Senator Hinojosa released the following statement on the filing of this SCR:
"Bentsen State Park is one of the RGV's most treasured and visited sites. Not only is it part of the World Birding Center which attracts more than 30,000 visitors annually, it is also a gathering place for families and friends of all ages and economic status. Our state parks protect our native wildlife and also help promote a healthy lifestyle for our residents. I will do everything I can to protect this park for our children, grandchildren and future generations."
Senator Hinojosa previously sent a letter to the U.S. Border Patrol Branch Chief expressing his concerns about the proposed wall and the impact it would have on park operations, wildlife habitat, and public visitation that would lead to a decrease in public visits and even possible closure. Senator Hinojosa encouraged border patrol to continue exploring alternatives to the wall project and noted that as vice chair of the Senate Finance Committee and member of the conference committee that writes the final budget, he has secured millions for the Texas Parks and Wildlife to protect our border and provide safety for those visiting the park.

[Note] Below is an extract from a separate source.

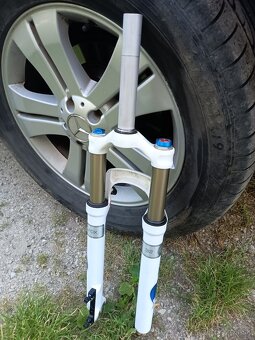 Vidlica FOX 26" 100mm - 2
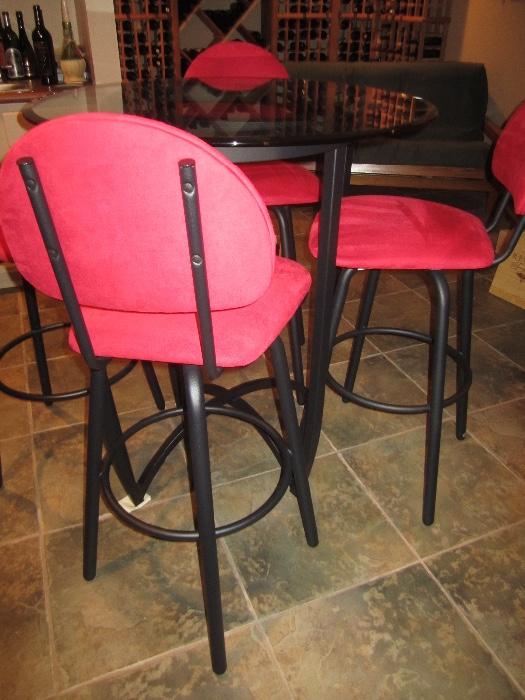PUB TABLE AND 4 STOOLS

In the letter to U.S. Border Patrol Senator Hinojosa made the following request:
"I am requesting that CBP work with TPWD to look for alternatives to reduce or limit the damage done to Bentsen State Park. Border security is best achieved through collaborative working relationships and enhanced communication between our federal, state, and local law enforcement."

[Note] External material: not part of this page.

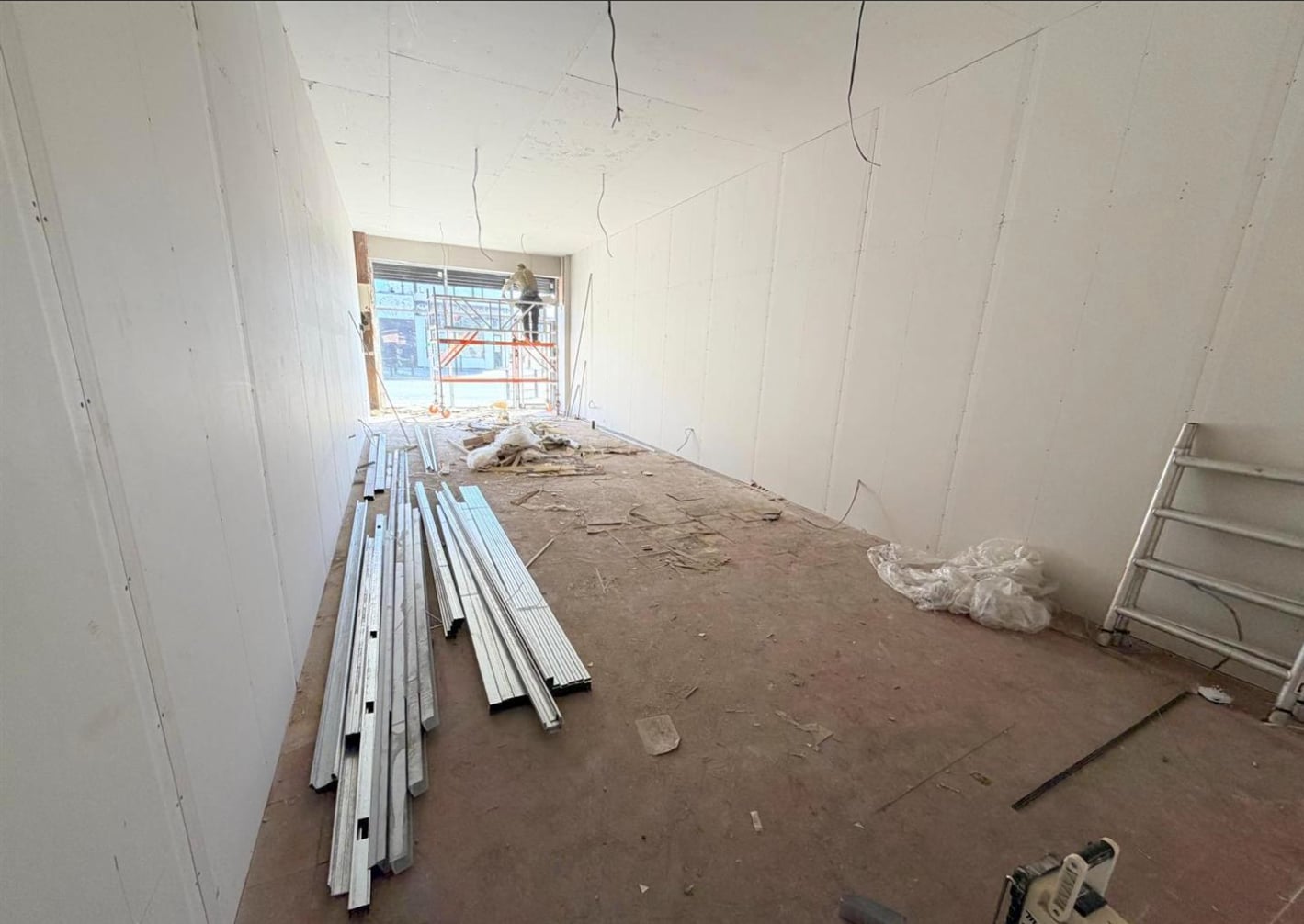 184 Burnage Ln, Manchester to rent Interior Photo- Image 1 of 7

A concurrent resolution is used when both chambers have an interest in a particular matter. Such resolutions may originate in either chamber but must be adopted by both. Concurrent resolutions may be used to memorialize (petition) the U.S. Congress to take certain action. Concurrent resolutions, except those that pertain solely to matters between the two chambers, must be submitted to the governor for approval.